**Data for this task**
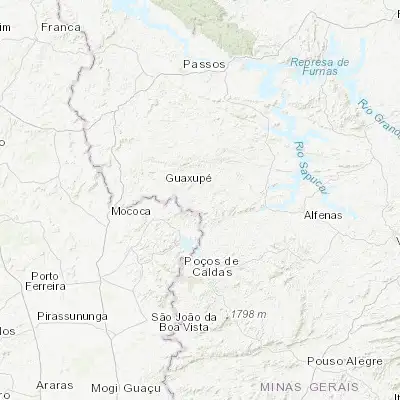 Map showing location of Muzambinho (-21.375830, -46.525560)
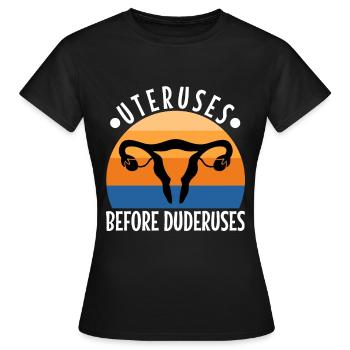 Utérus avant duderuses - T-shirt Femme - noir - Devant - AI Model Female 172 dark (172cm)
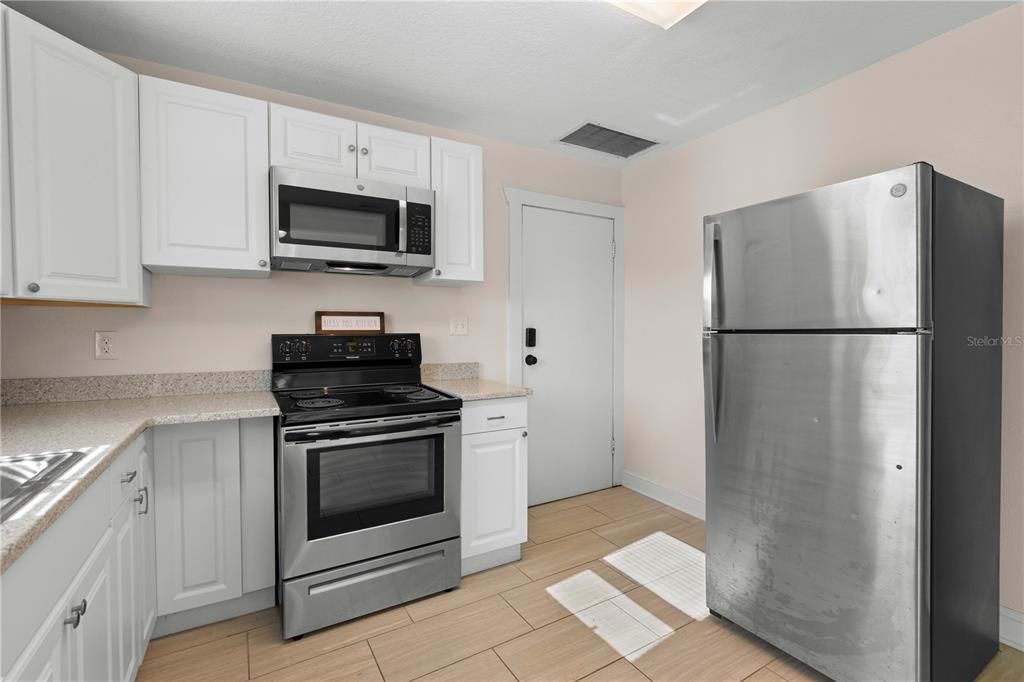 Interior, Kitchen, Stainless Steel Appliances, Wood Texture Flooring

...

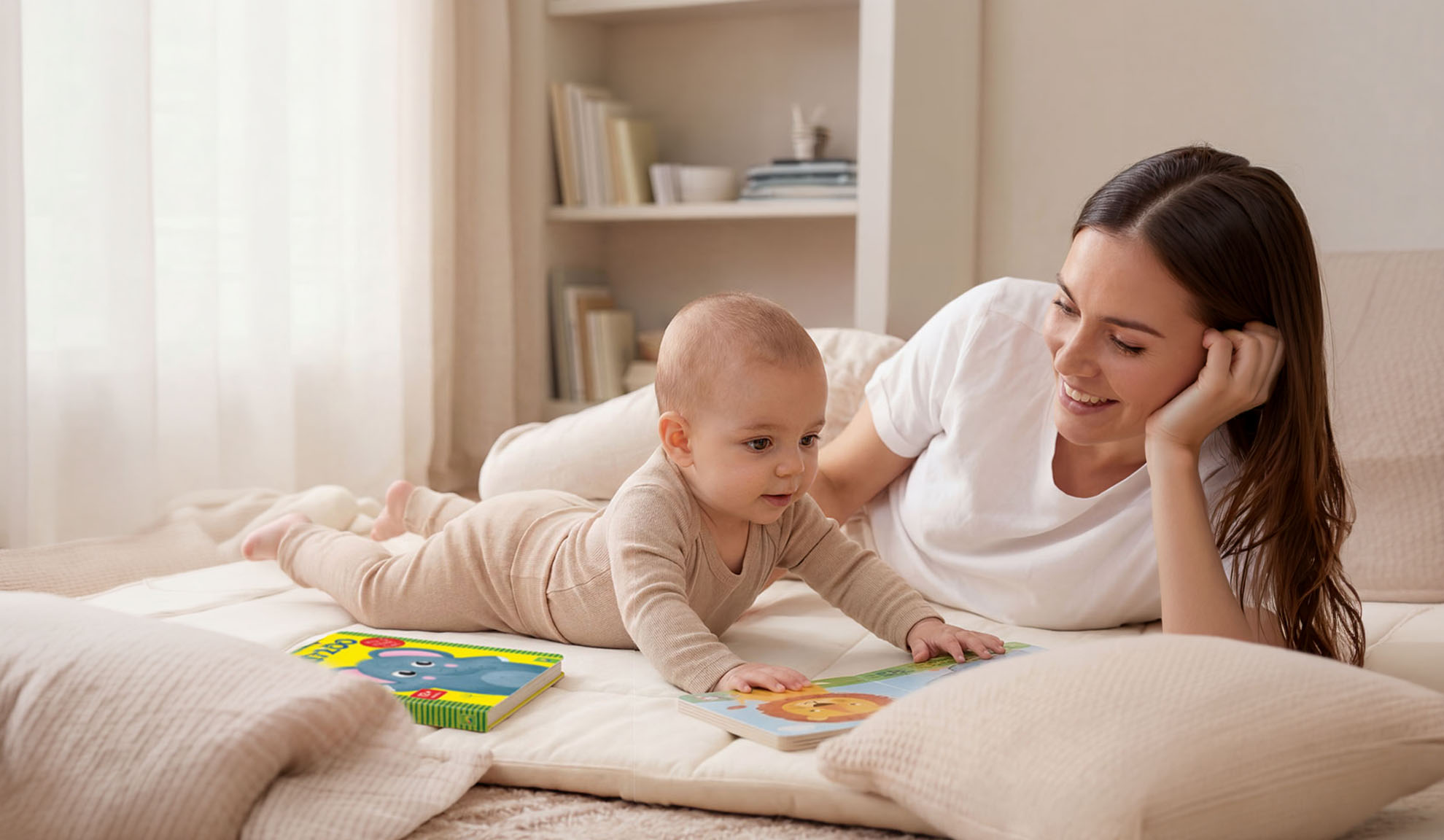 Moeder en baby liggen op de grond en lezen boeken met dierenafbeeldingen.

...

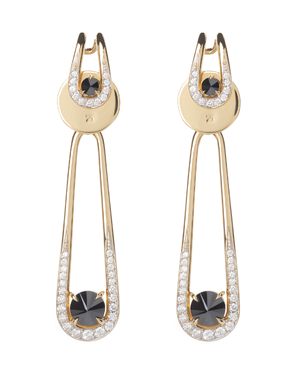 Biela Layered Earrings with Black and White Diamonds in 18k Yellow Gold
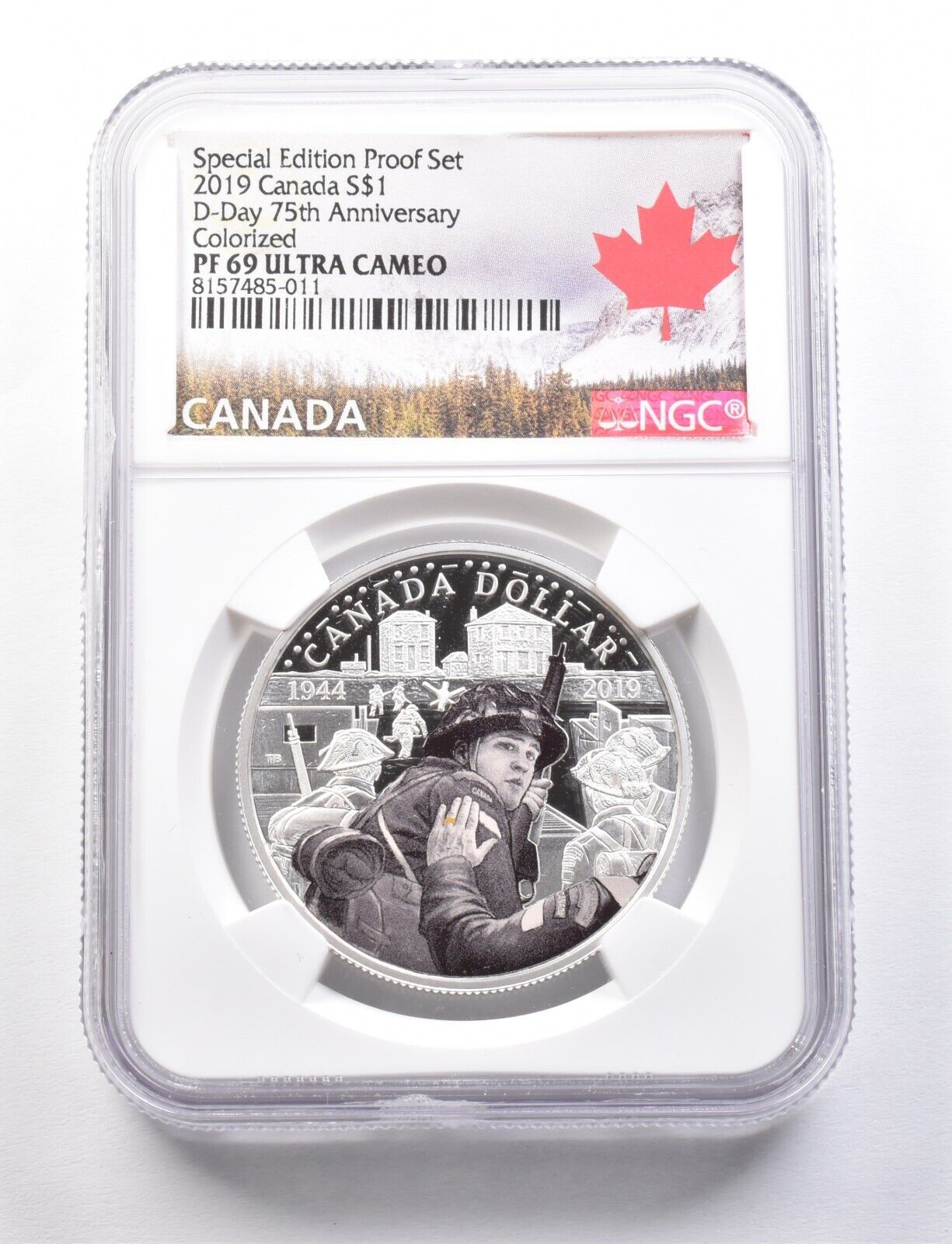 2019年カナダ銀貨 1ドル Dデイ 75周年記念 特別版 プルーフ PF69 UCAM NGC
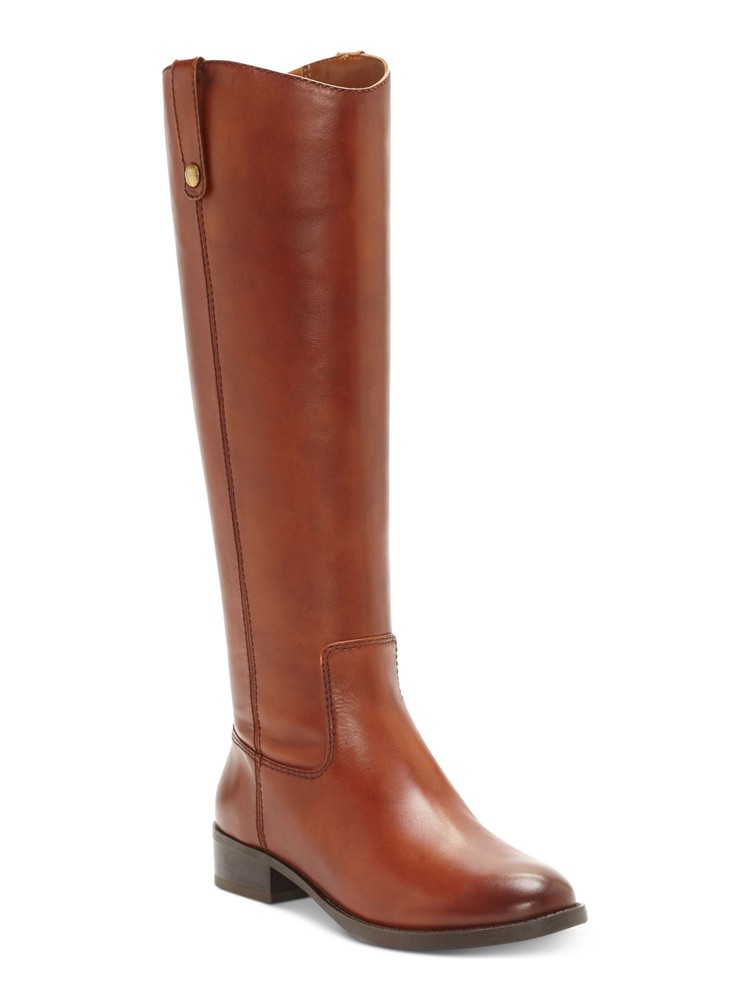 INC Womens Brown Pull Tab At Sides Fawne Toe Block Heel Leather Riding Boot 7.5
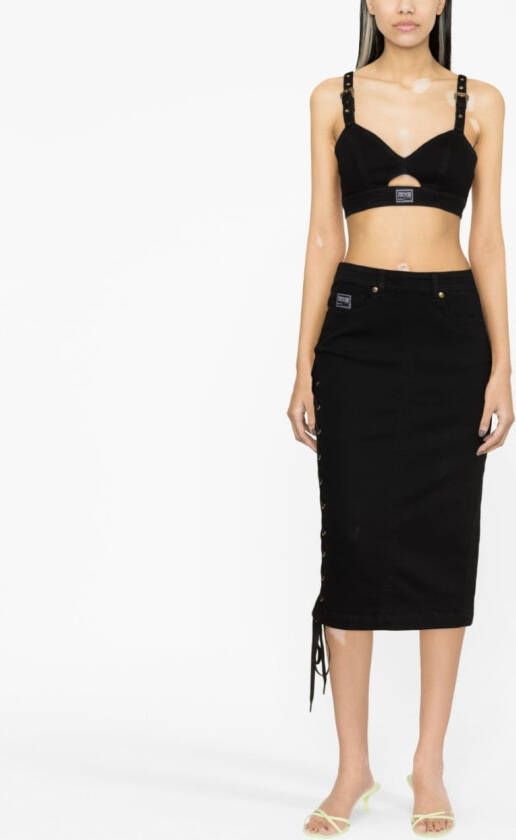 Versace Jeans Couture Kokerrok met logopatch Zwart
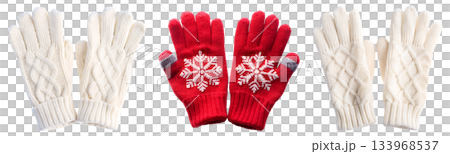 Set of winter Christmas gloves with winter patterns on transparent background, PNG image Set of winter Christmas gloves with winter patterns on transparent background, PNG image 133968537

**What to work on**
In the records above, everything from the line with "INC Womens Brown" down to the line with "PNG image 133968537" is to be set down exactly, both ends included, with no pictures and no other lines.

**Response**
 INC Womens Brown Pull Tab At Sides Fawne Toe Block Heel Leather Riding Boot 7.5
 Versace Jeans Couture Kokerrok met logopatch Zwart
 Set of winter Christmas gloves with winter patterns on transparent background, PNG image Set of winter Christmas gloves with winter patterns on transparent background, PNG image 133968537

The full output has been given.